In the records below, find the line containing "DTBG Men Travel", then copy that line and all lines after it, exactly, omitting every picture.

****************************************

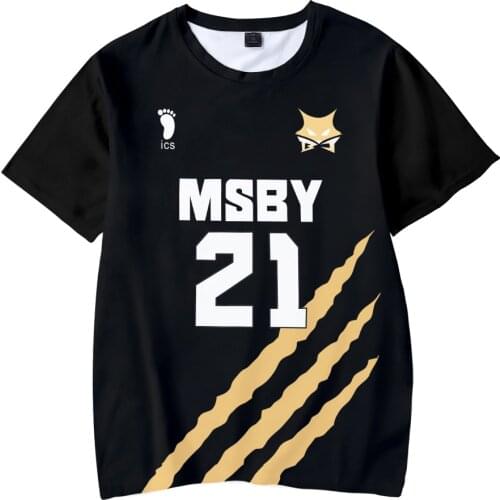 Haikyuu MSBY Black Jackal 3D Summer T-shirt Cartoon Tees O-neck Fashion Short Sleeve Piece Cartoon Casual Anime Women/men/kids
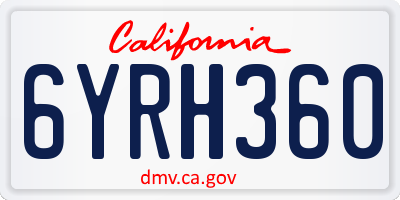 CA license plate 6YRH360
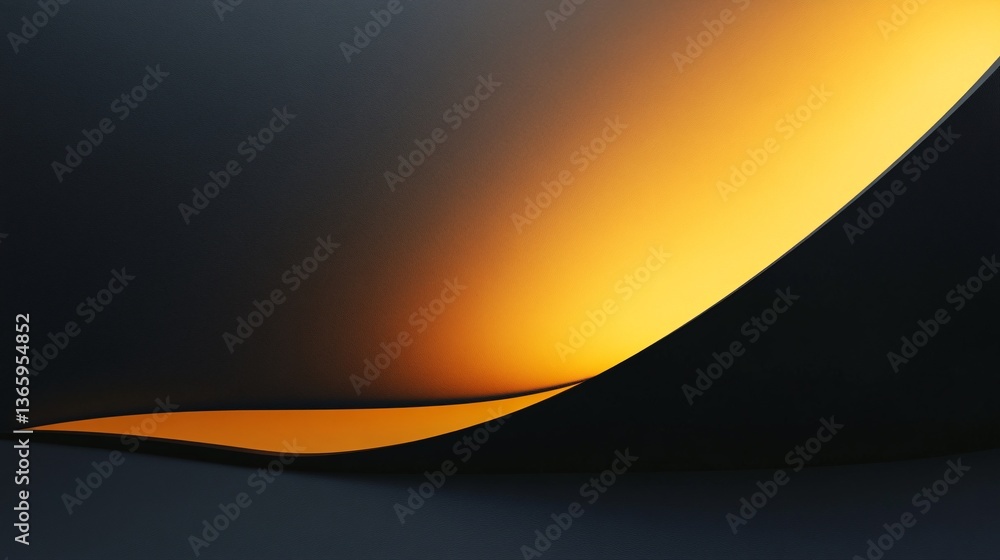 Poster Abstract yellow light emerging from darkness creating a gradient background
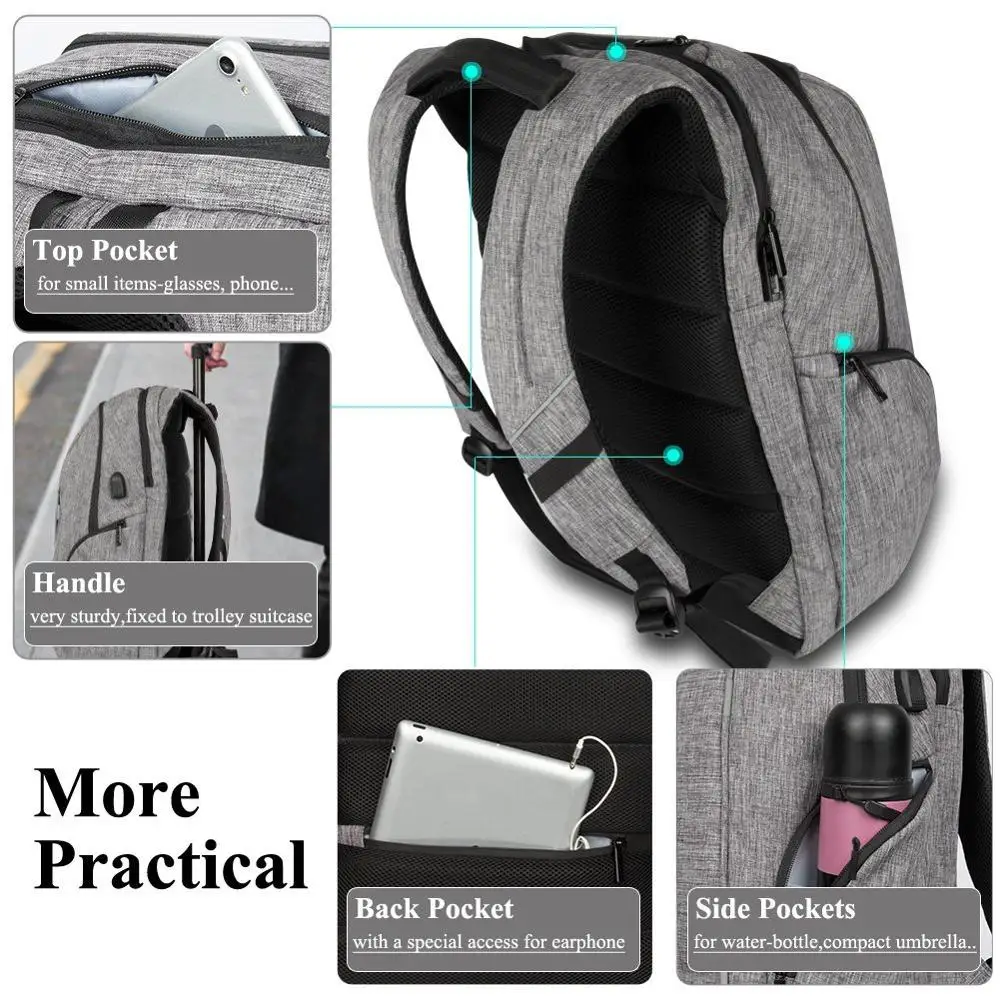DTBG Men Travel Backpack Large Capacity Teenager Male Backpcak Anti-thief Bag USB Charging 17.3&quot Laptop Waterproof Bags | Багаж и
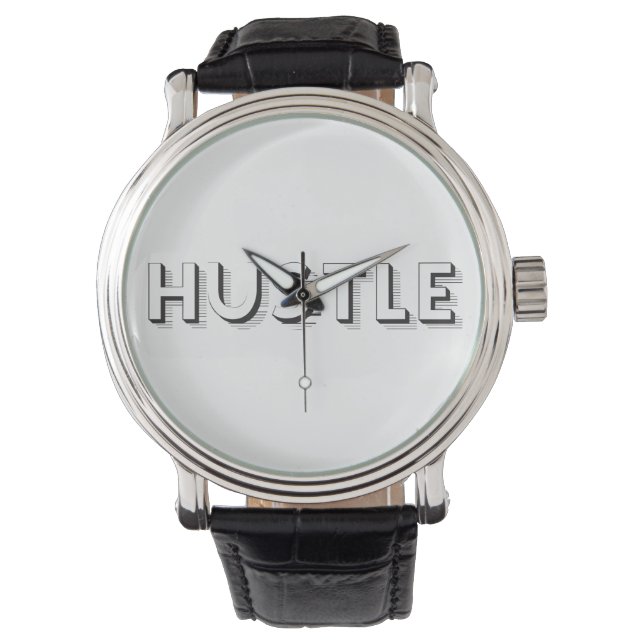 Hustle Modern Typografie Horloge (Voorkant)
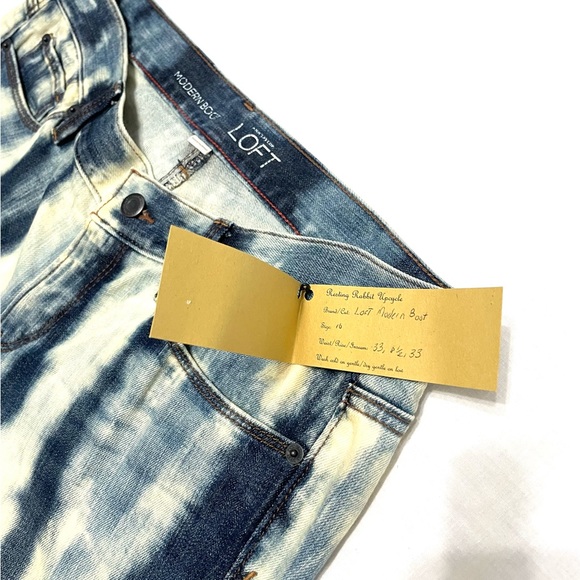 Retro Reverse Tie Dye Stripe Boot Cut Jeans Size 10 x 33 - Picture 4 of 10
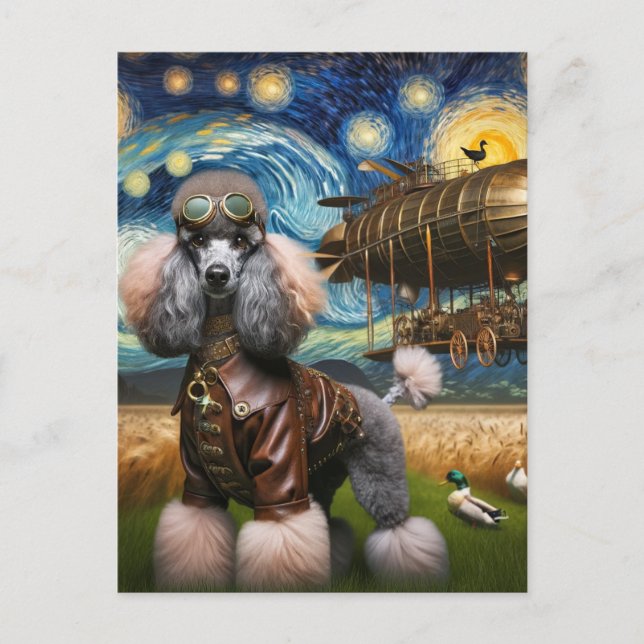 Carte Postale Steampunk Poodle et Canards Van Gogh (Devant)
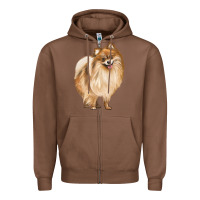 Chestnut Pomeranian Dog Illustrations Zipper Hoodie - LillyAllenDesigns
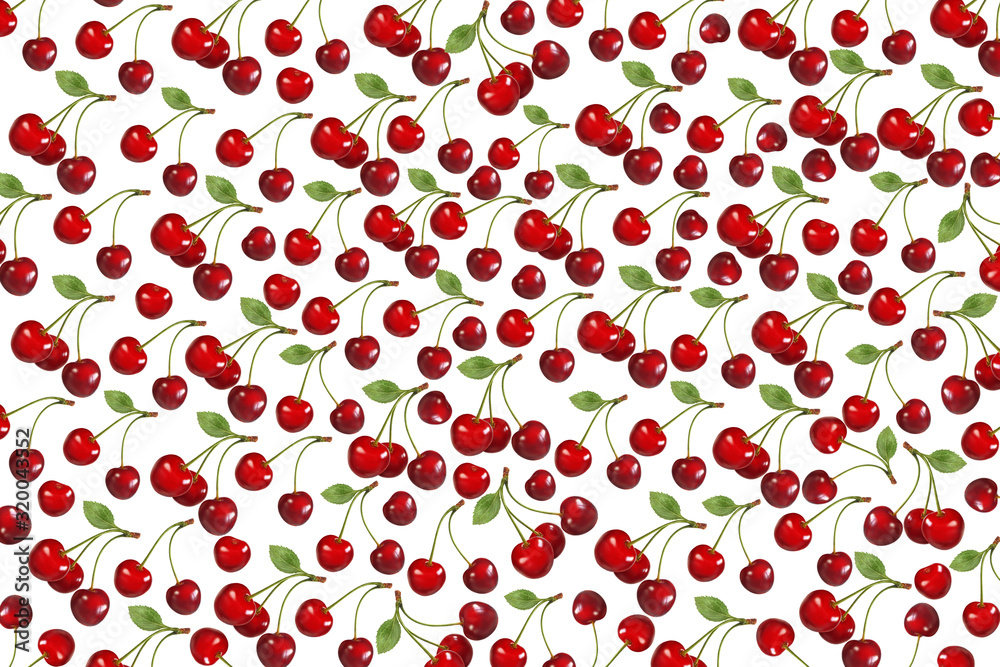 Cherry pattern background texture. Many ripe berries on white. Cherry pattern background texture. Many ripe berries on white.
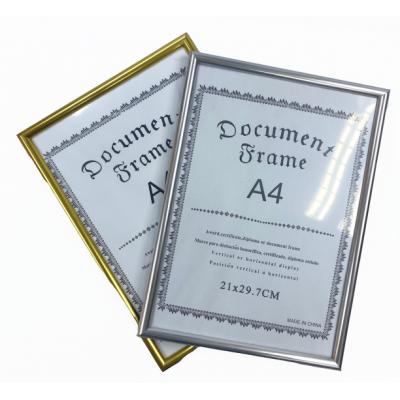 KI-210G A4 A4 仿鋁邊證書框(金屬金/銀色)+玻璃面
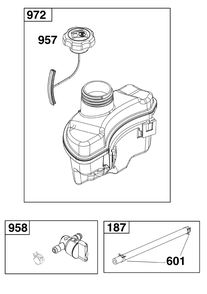 Fuel Supply Group Diagram and Parts List for 123P02-0026-H5 100000 - 19Z999 Briggs and Stratton Engine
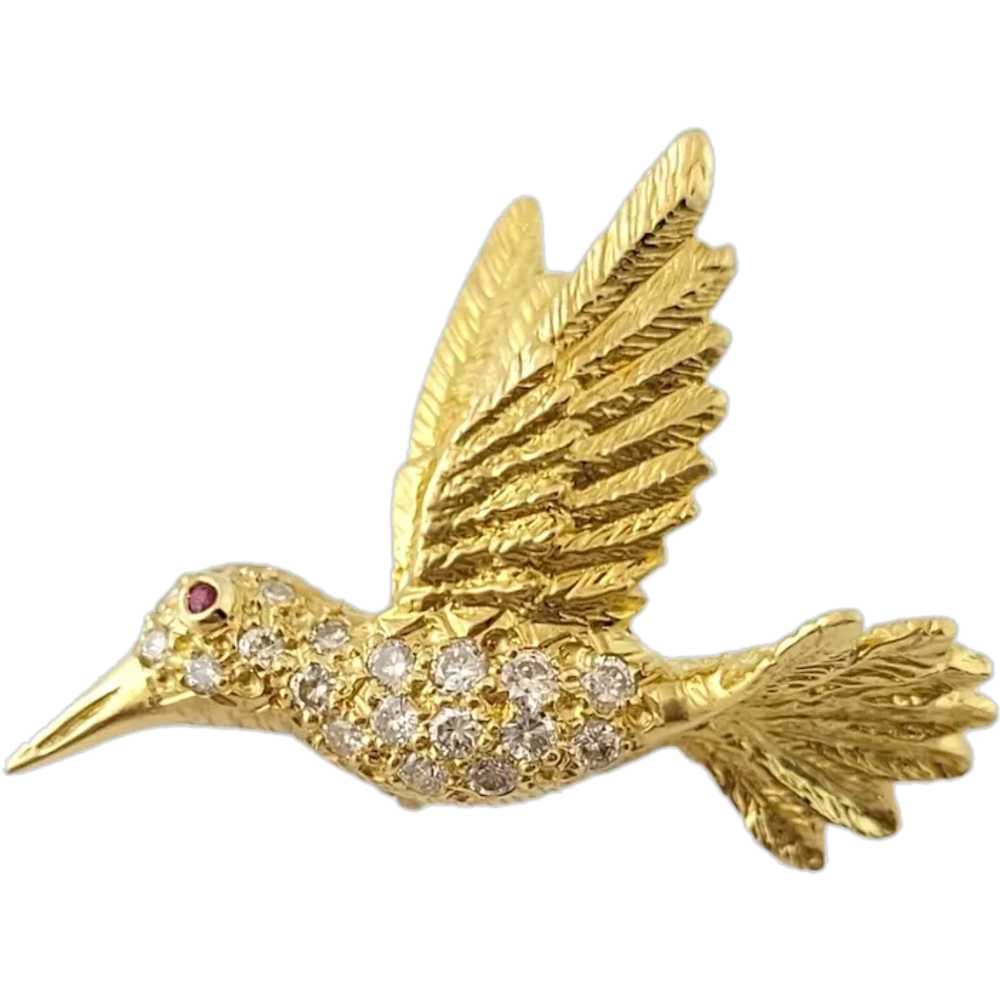 Vintage 18K Yellow Gold Diamond Hummingbird Pin - image 1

****************************************

- _Exercise answer_
DTBG Men Travel Backpack Large Capacity Teenager Male Backpcak Anti-thief Bag USB Charging 17.3&quot Laptop Waterproof Bags | Багаж и
 Hustle Modern Typografie Horloge (Voorkant)
 Retro Reverse Tie Dye Stripe Boot Cut Jeans Size 10 x 33 - Picture 4 of 10
 Carte Postale Steampunk Poodle et Canards Van Gogh (Devant)
 Chestnut Pomeranian Dog Illustrations Zipper Hoodie - LillyAllenDesigns
 Cherry pattern background texture. Many ripe berries on white. Cherry pattern background texture. Many ripe berries on white.
 KI-210G A4 A4 仿鋁邊證書框(金屬金/銀色)+玻璃面
 Fuel Supply Group Diagram and Parts List for 123P02-0026-H5 100000 - 19Z999 Briggs and Stratton Engine
 Vintage 18K Yellow Gold Diamond Hummingbird Pin - image 1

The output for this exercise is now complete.